_Source data_.
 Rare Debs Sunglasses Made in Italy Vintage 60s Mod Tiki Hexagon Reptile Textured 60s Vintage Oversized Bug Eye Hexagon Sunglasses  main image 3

==

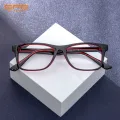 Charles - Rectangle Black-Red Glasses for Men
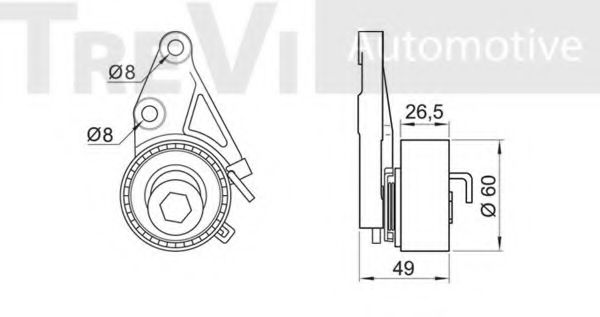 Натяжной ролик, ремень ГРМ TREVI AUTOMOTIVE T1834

_Work request_. Copy only these lines from the records above, exactly: the one with "Charles - Rectangle", the one with "Натяжной ролик, ремень", and those between. Skip the pictures.

_Response for this exercise_.
 Charles - Rectangle Black-Red Glasses for Men
 Натяжной ролик, ремень ГРМ TREVI AUTOMOTIVE T1834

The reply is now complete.